Readers of novels have to use their theory of mind in order to try to follow the workings of characters' minds. Otherwise, they will lose the plot. The only wayin which the reader can understand the plot of a novel is by trying to follow the workings of characters' minds and thereby by attributing states of minds to them. This mind reading involves trying to follow characters' attempts to read other characters' minds. (»Attribution« 293)

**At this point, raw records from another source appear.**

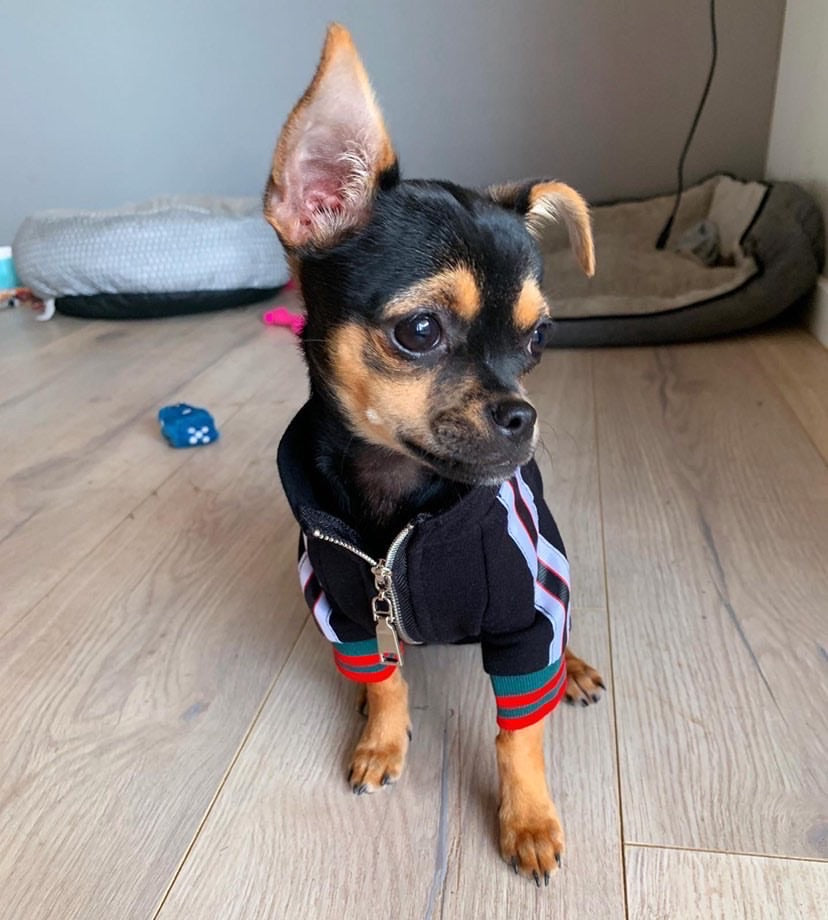 Pucci Varsity Jacket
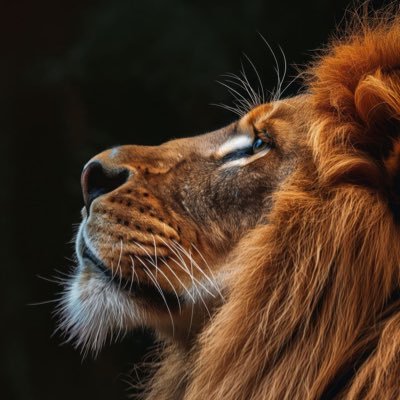 TheLionOfME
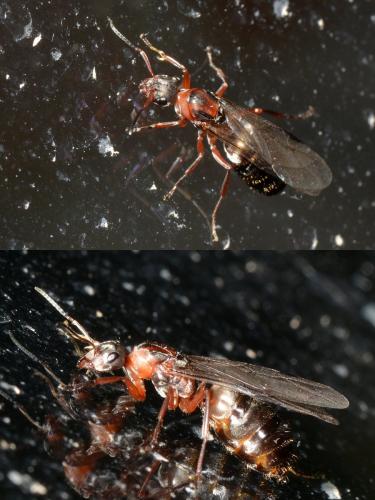 Réf. 146 754 : Formica rufibarbis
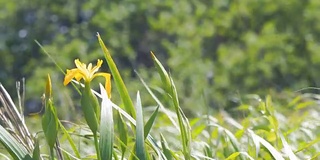 风中的黄花蝴蝶花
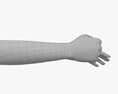 Female Hands Fist Modelo 3D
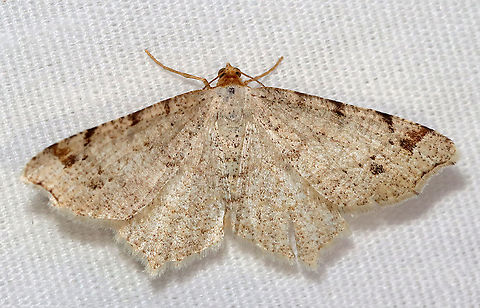 Red-headed Inchworm - Macaria bisignata WS: ~25 mm. Wings were tan with speckling; postmedial dark spot near middle of wing and dark spots along costa; head was orange.

Habitat: Attracted to a 395 nm LED light; semi-rural area

2021(15) Geometridae,Geotagged,Macaria,Macaria bisignata,Red-headed Inchworm,Spring,United States,moth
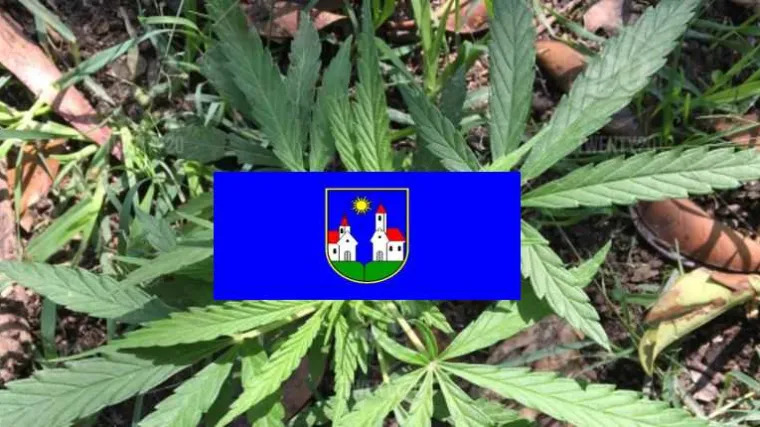 Izrasla do 60 cm: Bakica zasadila marihuanu ispred stambene zgrade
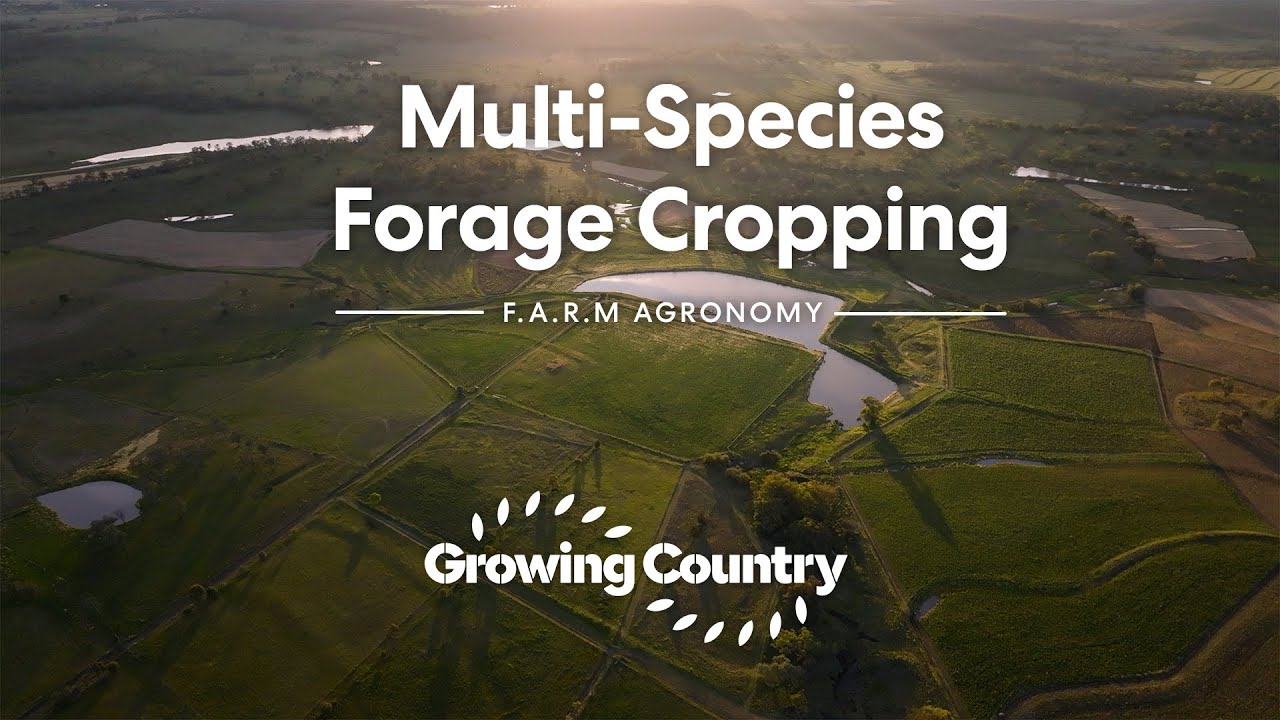 Growing Country Originals - F.A.R.M Agronomy - Multi Species Forage Cropping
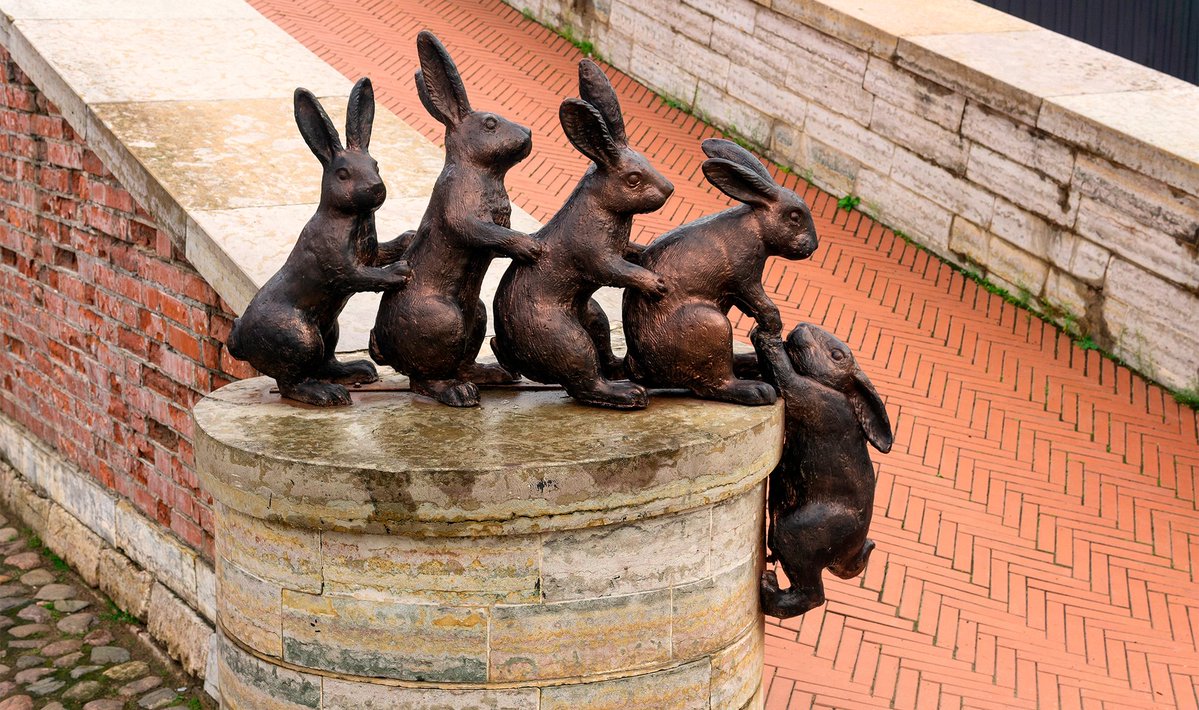 fire_whiskey tweet media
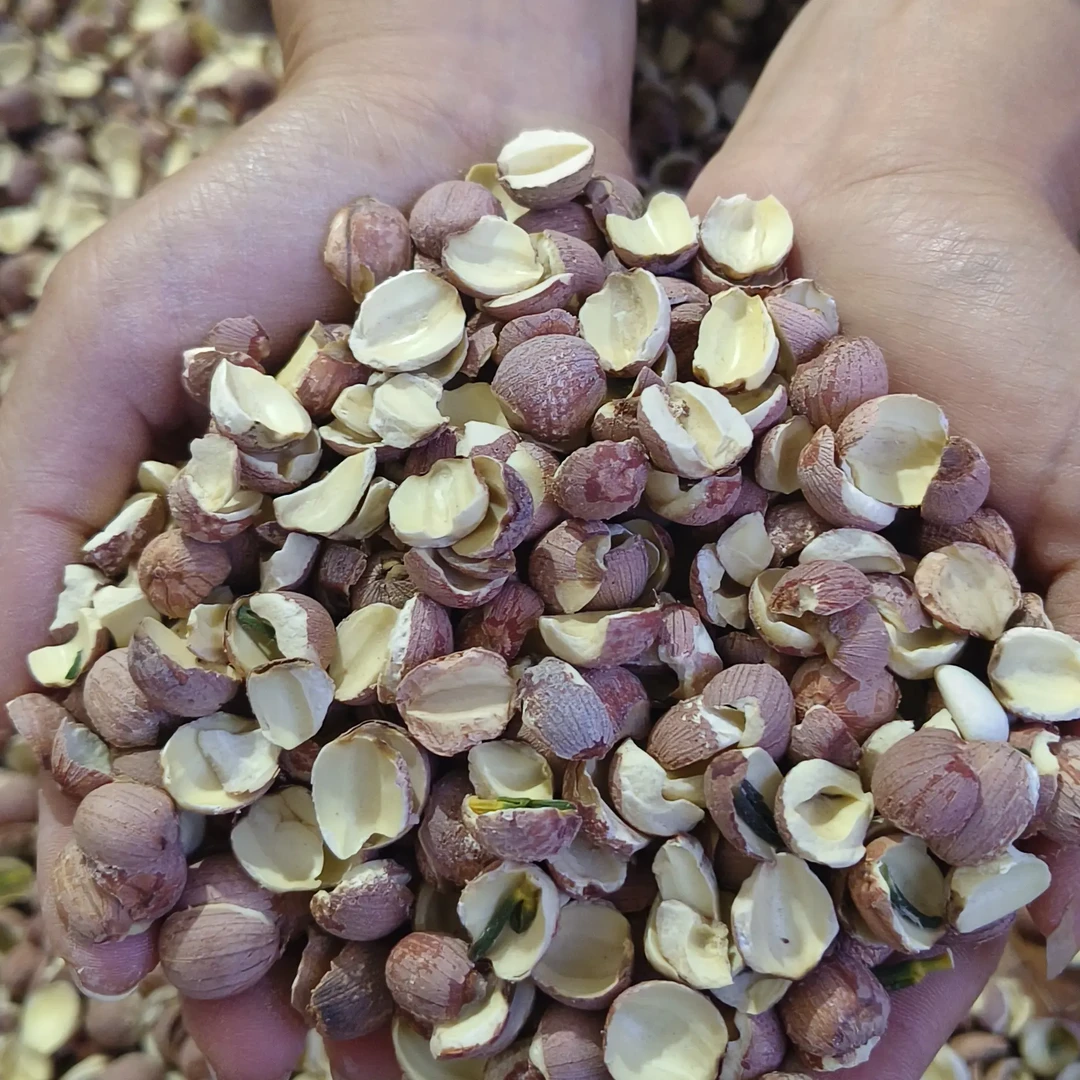 农家特产机器打碎红莲子干货新鲜红皮颗粒饱满营养天然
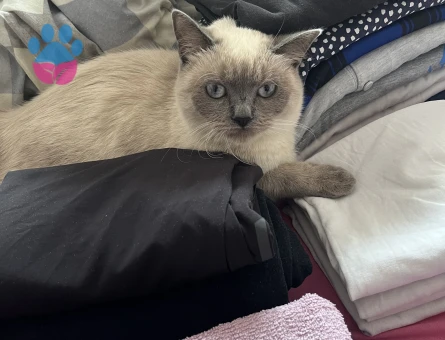 British blue point kızımıza eş arıyoruz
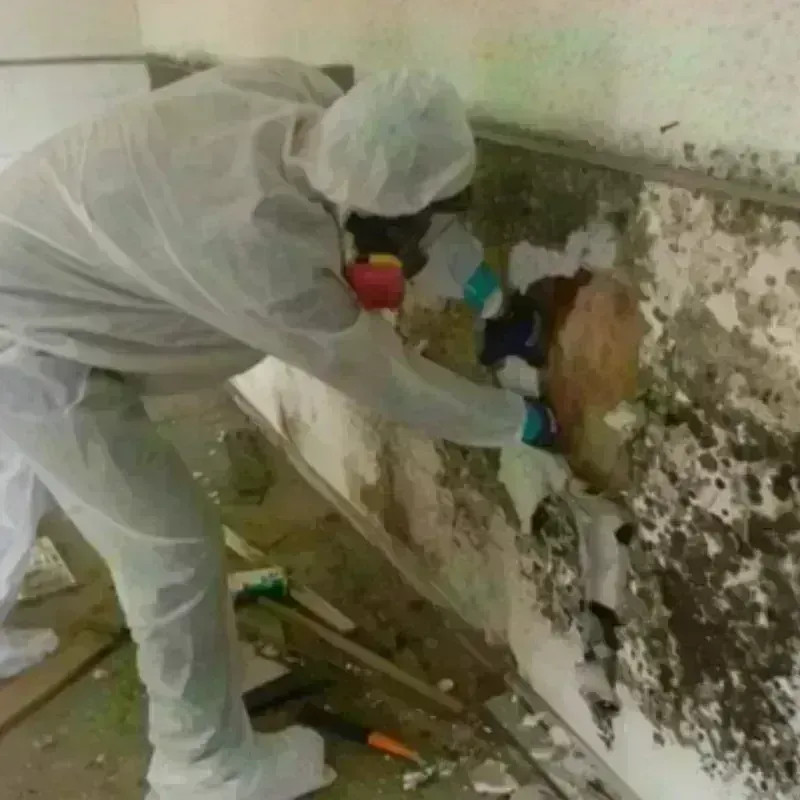 Mold Remediation and Removal in Ansonia, CT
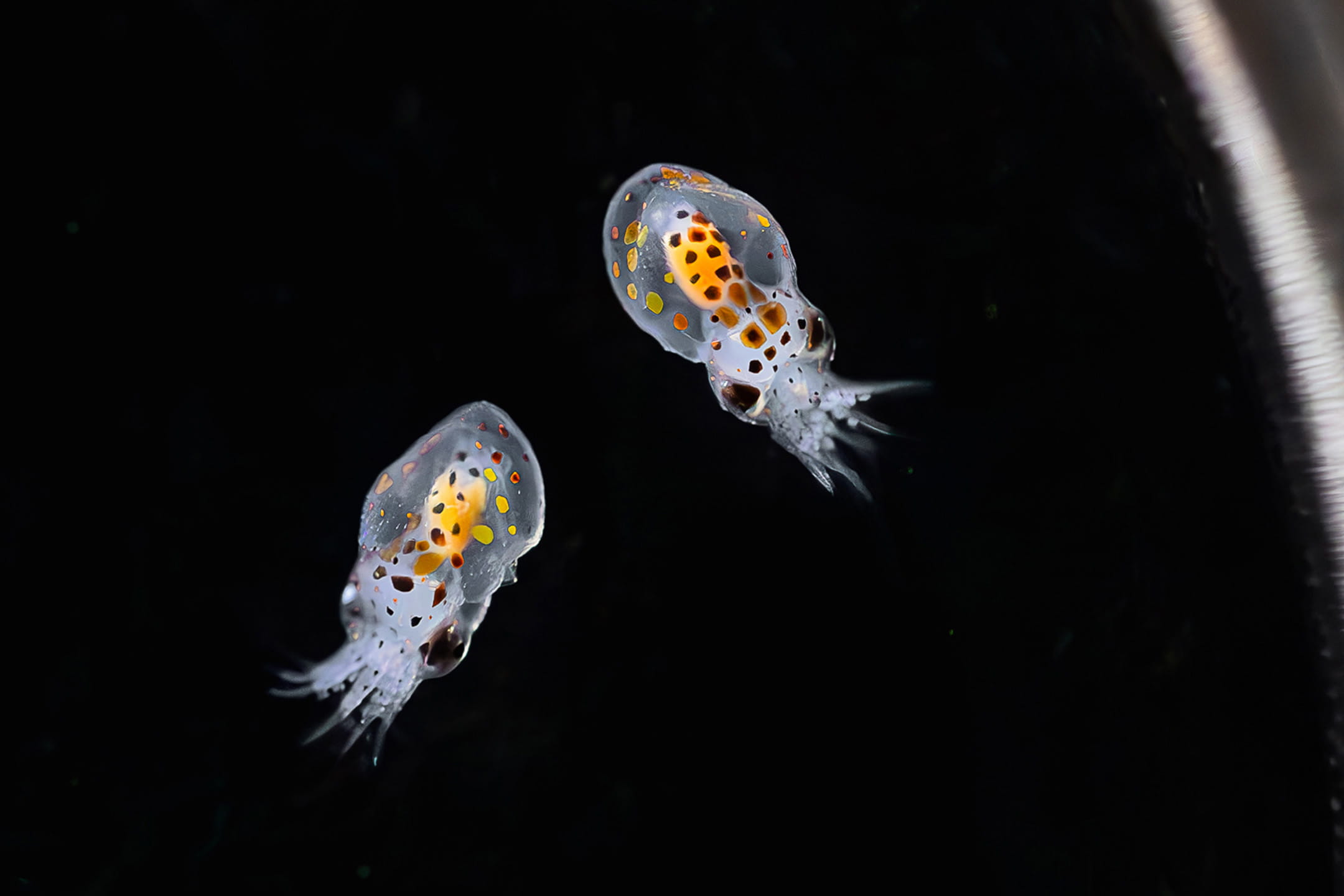 Two newly hatched Red Octopuses at Birch Aquarium. They already display chromatophores — the color changing pigments that help an octopus change color and even texture./Image courtesy of Birch Aquarium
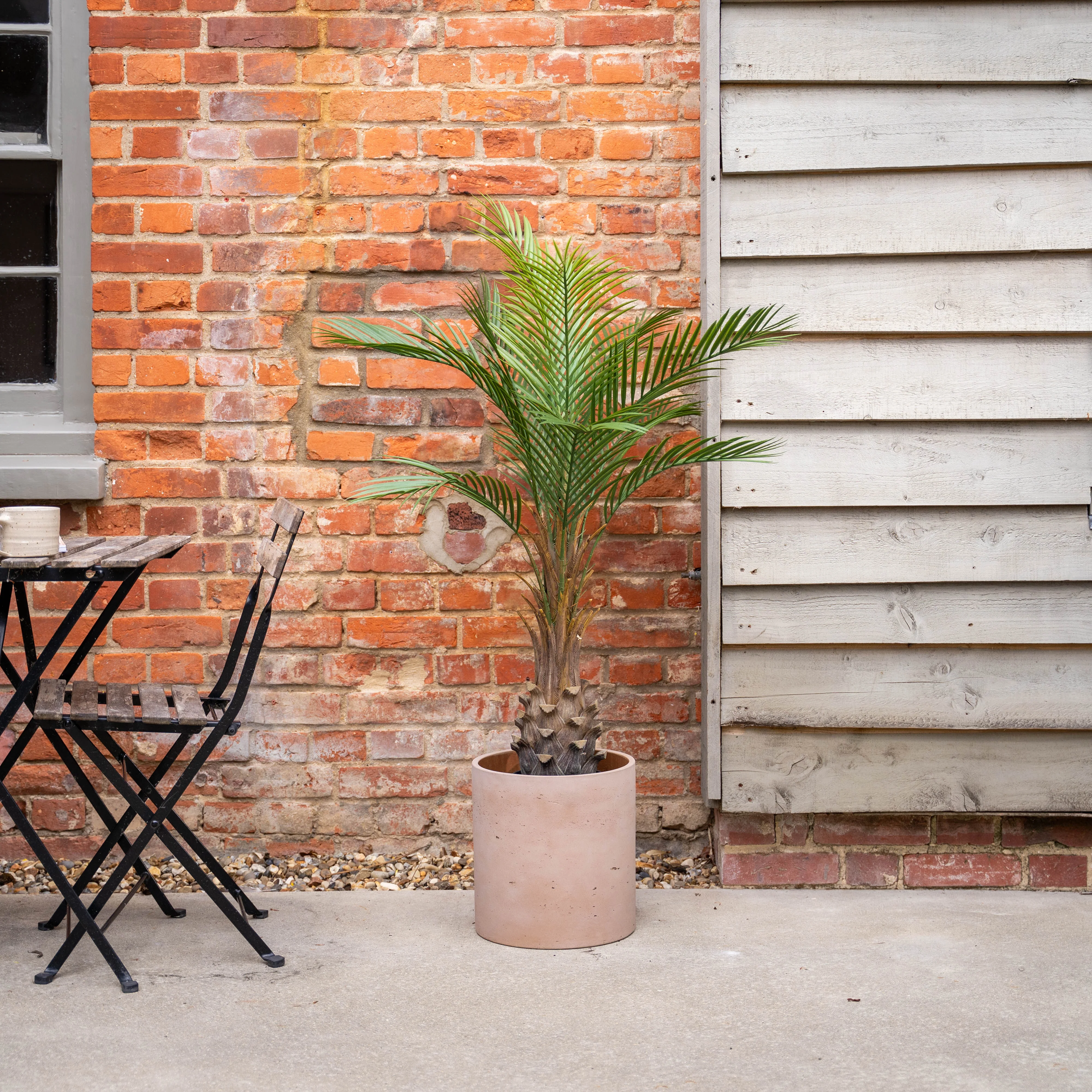 Canary palm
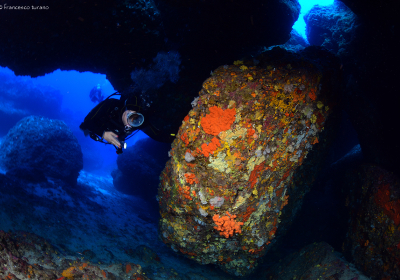 Agenzia/operatore Turistico Blue Diving Ustica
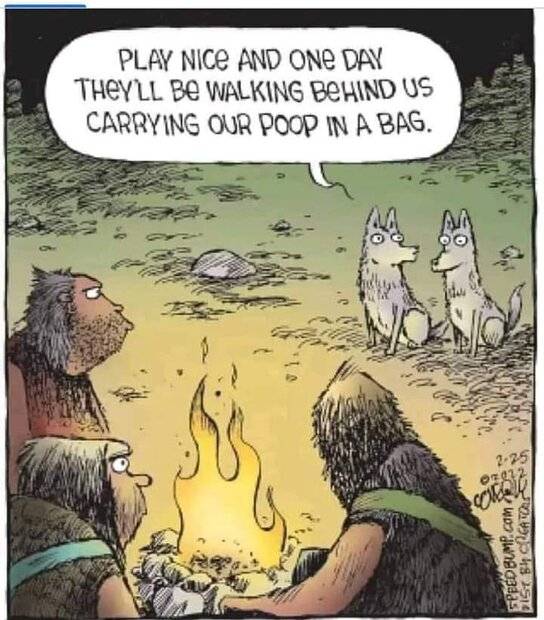 Play nice.jpg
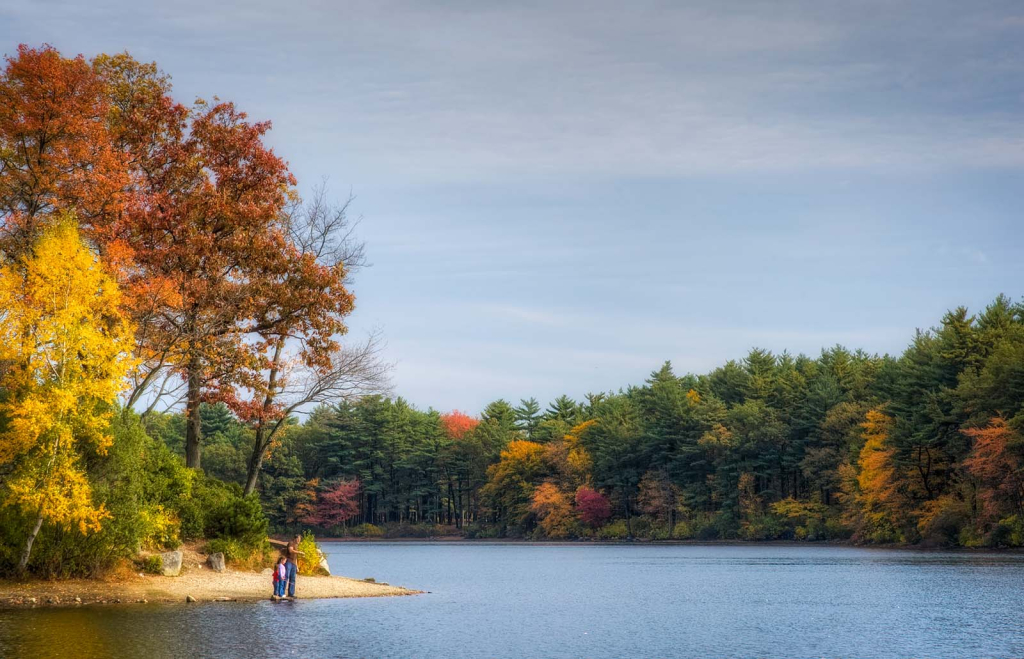 Autumn Colors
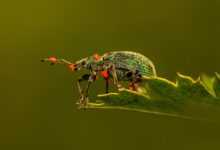 weevil, beetle, leaf, insect, bug, pest, animal, nature, macro, closeup, beetle, beetle, beetle, beetle, beetle, bug, bug, bug, bug, pest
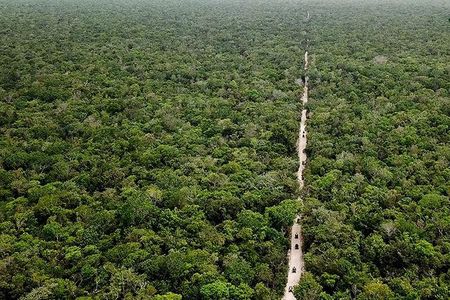 Off Road ATV Tour at the Akumal Monkey Rescued Animals Sanctuary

The central characters' attributions of states of mind to each other in AM, AT and CB appear to be inaccurate and unsuccessful. Such false attributions, as a result, lead the bond between Clive and Vernon as well as Edward and Florence to total breakdown or annihilation.

Palmer's theory regarding the function of reader in narrative experiencing derives partly from the traditional reader response theory. Recognizing the »intense power of reader response to fictional minds,« he alludes to the »sheer scale of the input required from readers in constructing minds from novels« (Fictional 4, 3). This means that he believes in the »creative nature of the reading process.« According to him, the textual signs are loaded with real human imagination or they are coloured with real life knowledge and experiences. A »text is simply [considered] the scaffolding on which you build the vivid psychological processes that stay with you for so long afterward« (Palmer, Fictional 4). Palmer's preference of the study of character to the study of narrative plot, action or event, which is the main concern in classical narratology, according to Stockwell, suggests that »narrative should be regarded as being driven not by event but by person.« Thus, pursuing his central concern in his studies on social and fictional minds, as Stockwell put, »Palmer's approach rests on the evident truism that narratives are about relationships between people« (288). Therefore, the primary concern of the critic/reader in CN appears to be a thorough analysis of the relationship between fictional characters' thoughts and their actions or the effect of their own or the other characters' actions on their thoughts.

Accordingly, either from Herman's perspective or from Palmer's—which are congruent with the general inclination of the postclassical or contextual approaches to narrative—a reader experiences narrative by the help of his/her every day, non-literary or anthropomorphic experiences. In this way, he/she unfolds the possible meanings of a narrative or communicates with it. Therefore, the narrative readers' main responsibility is not the discovery of the narrative grammar through a systematic approach to narrative text, as the structuralist narratologists supposed it should be.[28] Rather, their primary function is to participate in the construction and realization of the narrative meaning using their own real world knowledge and experiences mostly in the forms of scripts and frames they use in everyday communications. The focus of narrative analysis, therefore, changes from text to its receiver who, referring to his/her own anthropomorphic characteristics, constructs the narrative meaning depending on the semiotic features of the narrative text itself. This postclassical understanding of narrative analysis is at the heart of the new definitions of fictional character, fictional minds, narrative and narrativity or the constituent elements that make a narrative narrative. In the following part, therefore, first Palmer's terminologies regarding the construction, presentation, workings and comprehension or experiencing of fictional minds are analysed. Then, the concept of narrativity and the role of reader in accepting a narrative as narrative as well as its basic elements are discussed.